Workers try to keep warm out in low temperatures
While many are able to work inside with the heat on, others aren't as lucky.
Construction workers, farmers and electricians are out working, even on the coldest days of the year. "It can get aggravating, you just have to dress for it and expect the worst," said John Hardin, service technician.
"We're out in it every day, we're sort of used to the elements," said Sam Rock, dairy farmer.
Rock tells us he and his crew complete a simple task before stepping into the outdoors. "We always check the temperature and we put on more clothes," he said.
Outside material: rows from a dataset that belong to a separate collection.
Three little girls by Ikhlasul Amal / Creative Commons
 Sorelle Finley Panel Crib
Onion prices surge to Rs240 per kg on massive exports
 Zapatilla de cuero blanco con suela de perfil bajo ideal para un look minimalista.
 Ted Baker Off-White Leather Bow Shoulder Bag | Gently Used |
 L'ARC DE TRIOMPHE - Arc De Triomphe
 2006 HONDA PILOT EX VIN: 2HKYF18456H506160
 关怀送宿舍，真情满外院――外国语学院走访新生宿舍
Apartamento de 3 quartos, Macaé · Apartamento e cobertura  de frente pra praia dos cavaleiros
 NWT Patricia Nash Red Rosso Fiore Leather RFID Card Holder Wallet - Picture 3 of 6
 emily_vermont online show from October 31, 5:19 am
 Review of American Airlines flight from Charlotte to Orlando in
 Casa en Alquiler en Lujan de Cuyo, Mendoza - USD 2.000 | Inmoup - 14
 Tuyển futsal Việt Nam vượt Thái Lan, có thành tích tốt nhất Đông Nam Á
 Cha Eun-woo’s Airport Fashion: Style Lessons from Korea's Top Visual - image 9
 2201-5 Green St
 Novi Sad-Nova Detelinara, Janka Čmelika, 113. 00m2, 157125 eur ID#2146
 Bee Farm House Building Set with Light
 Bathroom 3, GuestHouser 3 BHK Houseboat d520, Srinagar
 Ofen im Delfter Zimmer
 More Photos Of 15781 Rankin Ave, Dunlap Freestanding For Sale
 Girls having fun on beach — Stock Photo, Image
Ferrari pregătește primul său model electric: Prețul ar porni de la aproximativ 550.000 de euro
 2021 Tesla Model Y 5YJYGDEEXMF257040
However, when the wind is blowing, even the thickest coat may not block it. Rock says they bring in other things to keep themselves warm and to make their work more efficient. "We've got a furnace that costs us more to operate because we've got to run heat in the barn; heat makes sure everything doesn't freeze,” said Rock.
But sign waver George Brooks says he has a profession that doesn't require any extra heat because his movement keeps him plenty warm. "To me it's fun, I dress to stay warm. I sweat, but if I didn't dance I'd freeze. It wouldn't be fun," he said.
Brooks says he doesn't mind the cold one bit and showed us a few of his dance moves that he took from Elvis and Johnny Cash, saying it’s what keep him healthy.
But while the temperatures may continue to drop, Rock tells us he won’t complain. "You have to sort of like it to do it, or we hope you do anyway," he said.